Il y a lieu de considérer que la SAS Esnault, la SA A, la compagnie G H I, et la SA Generali succombent en sorte que le jugement doit être confirmé sur les condamnations in solidum aux dépens y compris les frais d’expertise en précisant que :
' la Société Esnault doit être condamnée à payer à la société TEB 3000 € au titre de l’article 700 du code de procédure civile en cause d’appel et les dépens de l’instance d’appel l’opposant à cette société.

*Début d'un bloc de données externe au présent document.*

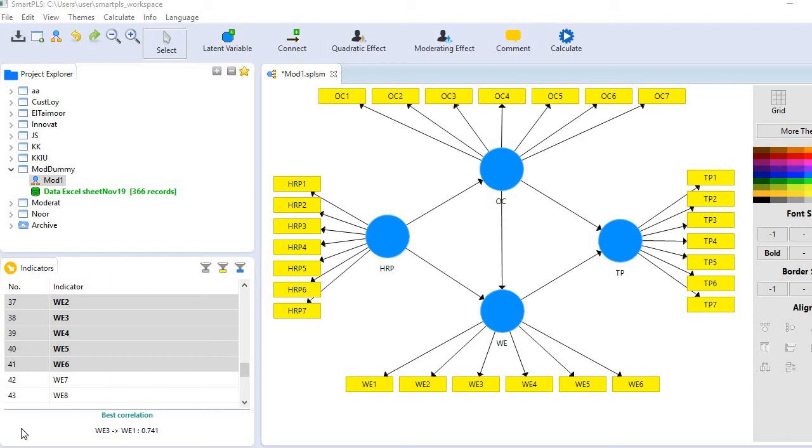Hi, in this video I will demonstrate how to run serial mediation analysis in SmartPLS 3. So let me first introduce my variables in this model.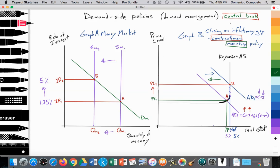The central bank intervenes with contractionary monetary policy — tightening monetary policy — by selling government bonds back to the central government and other investors and withdrawing the supply of money from SM1 to SM2. Where SM2 equals DM1 at point B, it raises the rate of interest from IR1 to IR2 — from 1.75% to 5% — and reduces the quantity supplied and demanded for money from QM1 to QM2. Because money is more expensive to borrow, households and firms borrow less and spend less, and aggregate demand falls from AD2 back to AD1, closing the inflationary gap and returning to full potential GDP.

Sur le récapitulatif des garanties
Compte tenu des demandes de garanties, il y a lieu de considérer que la SA A, la compagnie G H I, et la SA Generali Belgium doivent garantir la SAS Esnault in solidum de toutes condamnations dans les limites pour les assureurs des contrats d’assurance, que la société G H I doit garantir la SA A de toutes condamnations dans les limites de son contrat, et que la SA Generali Belgium, pour la totalité des condamnations doit garantir la compagnie G H I dans les limites deson contrat.
Par ces motifs
confirme le jugement en ce qu’il a :
' déclaré les demandes de la société TEB recevables,
' condamné la SAS Esnault à payer à la société TEB la somme de 15 200 € HT, valeur mai 2010, avec indexation sur l’indice du coût de la construction BT 01 au jour du jugement, puis intérêt au taux légal au titre des travaux de reprise,
' condamné la SAS Esnault à payer à la SARL l’Ambroisie la somme de 2500 € à titre de dommages-intérêts en réparation de son préjudice de jouissance,
' mis hors de cause la SA AXA France IARD prise en sa qualité d’assureur des sociétés Maxem et Esnault,et rejeté les demandes contre elle
' condamné in solidum la SA A, la compagnie G H I et la SA Generali Belgium à garantir la SAS Esnault des condamnations précitées mises à sa charge (en principal, intérêts, dépens et frais irrépétibles) dans les limites énoncées au jugement,
' limité les garanties des sociétés d’assurance aux prévisions des contrats,
' dit que la société Generali Belgium ne pouvait se prévaloir de cause de globalisation,
' condamné la SAS Esnault à payer à la société TEB la somme de 4000 € en application de l’article 700 du code de procédure civile,
' condamné in solidum la SAS Esnault, la SA A, la compagnie G H I et la SA Generali Belgium aux dépens de première instance y compris les frais d’expertise judiciaire dont distraction au profit des avocats mentionnés,
Y ajoutant,
' condamne la société Esnault à payer à la société TEB une somme de 3000 € au titre des frais non compris dans les dépens de même que les dépens de l’instance d’appel l’opposant à cette société,
' dit que la SA A, la compagnie G H I, et la SA Generali Belgium doivent garantir in solidum la SAS Esnault de toutes condamnations dans les limites pour les assureurs des contrats d’assurance,
— dit que la société G H I doit garantir la SA A de toutes condamnations dans les limites de son contrat,
— dit que la SA Generali Belgium, pour la totalité des condamnations, doit garantir la compagnie G H I et la SA A dans les limites de sa garantie.